All code must be properly documented with /// comments.

Version control

You must use Git with a remote repository for version control.

The repository must be hosted on GitHub https://github.com/

Rules

Commit often
Push to GitHub at least after completing each of the steps below + every day, at the end of the day

Step 1: Single threaded server doing GET

The first version of your HTTP server will be a very simple single threaded server: There will only be one thread taking care of everything:

accepting request
handling requests
sending responses

The server must listen on some port like 80, 8080, 8888 or the like.

All TCP servers have the same basic structure. This means that you can start looking at a simple TCP server (like Echo server) that you made in the SODP course.

Step 1a: Static content in the response

The first version of the server should send back some static content (always return the same text, like "Hello world"). This version should no attempt to open a file, etc. In this version you do not need to read the request.

Your server must send a HTTP/1.0 response, not HTTP/1.1.

Useful C# classes

System.Net.Sockets.TcpListener
System.Net.Sockets.TcpClient
System.IO.StreamWriter
The property Encoding.UTF8, or a similar encoding

Make sure all network connections, etc. are closed properly: Use using or finally statements.

Run your server and use it from an ordinary browser.

Use Microsoft Internet Explorer to send the request. Press F12 to open a monitoring window: Find the network like icon, and press the Green record button. Send some requests, and they will be recorded, so that you can check the details later.
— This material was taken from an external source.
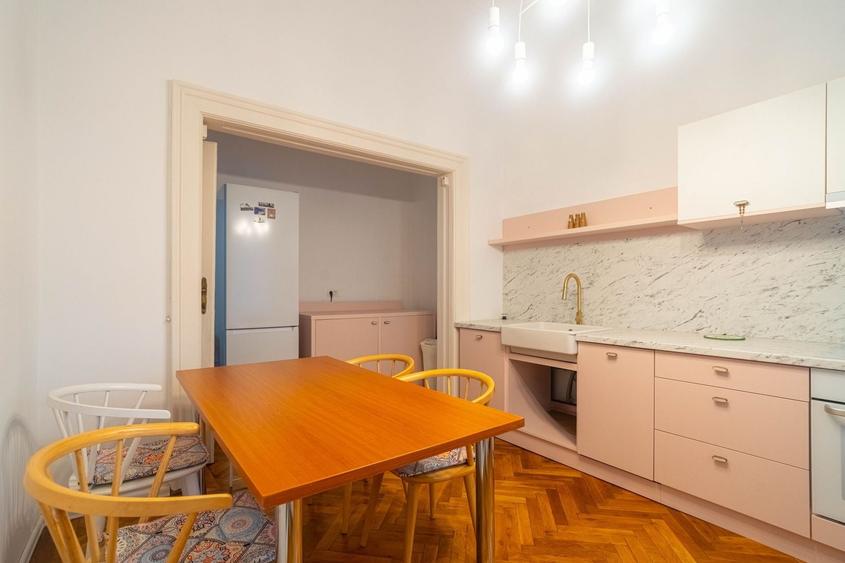 Închiriere apartament ultracentral cu parcare privată | 97 mp, - 2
Very useful for debugging.

Step 1b: Dynamic content in the response

In the next version the server should send some dynamic content back to the client, like "You requested /someFile.html". This version should no attempt to open a file, etc.

In this version you must read the request send from the browser to the server - but reading the first line is enough.

The first line should look like GET /someFile.html HTTP/1.1. You must extract the URI (middle) part of the request line (/someFile.html in this case) and include the URI in the response.

Useful C# API

System.Net.Sockets.NetworkStream
System.IO.StreamReader
The method String.split(...), the first and simplest example is most important.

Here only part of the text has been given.